I walked back to the exam room with her and she said, “You know, you look tired.”
She held out her hand which held a small smooth green rock and said, “I use this when I worry and it really helps a lot. You were so good to sit down and talk with me. I want to give this to you because you seem to have a lot on your mind.”
It is hard to describe how good that made me feel. Not only did she not complain, she thanked me for listening to her, and I realized that she had also paid attention to me.
She went home happy and I kept the rock. I rallied a bit as my shift went on but by the time I got home, I was beat. My muscles ached and I went to bed early. The next day I had a fever and my wife developed the same symptoms.
I realize now that I had been sick throughout my shift.
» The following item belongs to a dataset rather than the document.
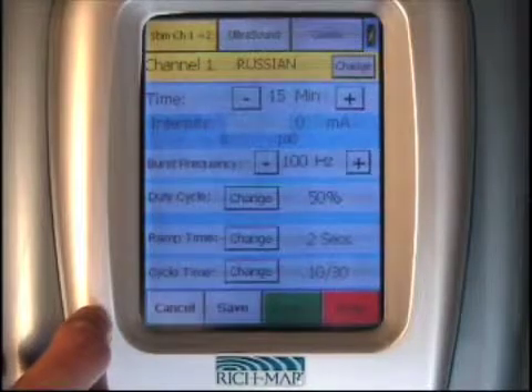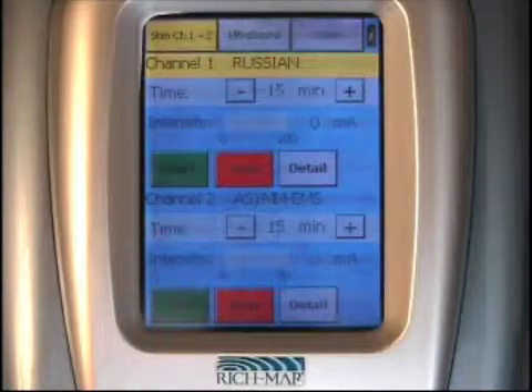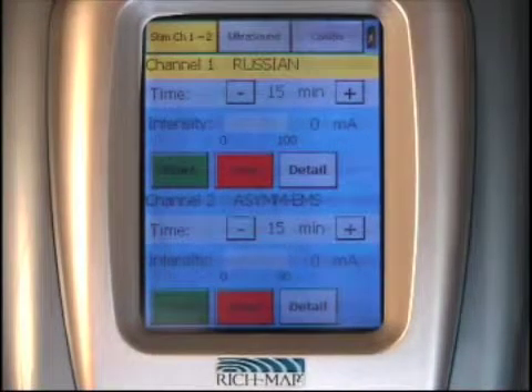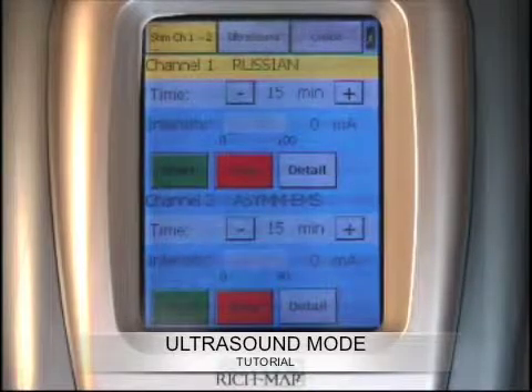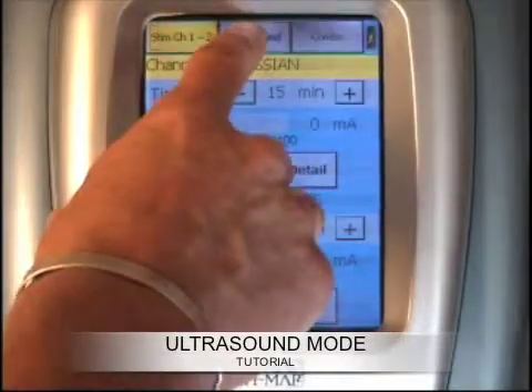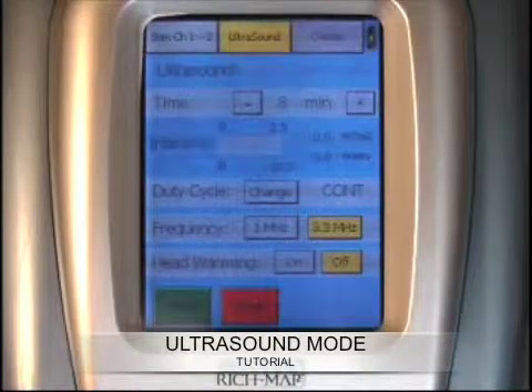At any time you want to go back to the main menu, you simply press the top tab and you will revert back to the main menu. The Sonic Stem ultrasound feature is the second choice on the top tab menu. You simply press the top tab for ultrasound, which will illuminate, and the ultrasound is ready to set up.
But ironically, I would not have been successful with that patient if I had not been feeling ill enough to sit down and have that conversation, and I am convinced that conversation not only made my patient feel better, it made me feel better and it saved the healthcare system a huge amount of money.
My patient didn’t have to go into the hospital and most importantly, she didn’t end up with any prescription or other form of treatment that could have eventually done her more harm than good.
Now I have this rock which I leave on my desk. Every now and again I look at it and I am reminded that I need to sit down and listen to the patient even when I am busy and there are patients waiting in the hallway. It is not only important for the patient; it is good, efficient medicine.
Dr. Mark Fourre is an emergency physician and Chief Medical Officer of Lincoln County HealthCare, the parent company of Miles Memorial Hospital and St. Andrews Hospital. He also serves on Lincoln County Healthcare’s Board of Trustees. Prior to joining Lincoln County Healthcare, Fourre was an attending faculty at Maine Medical Center where he developed the Emergency Medicine Residency Program and served as Residency Director.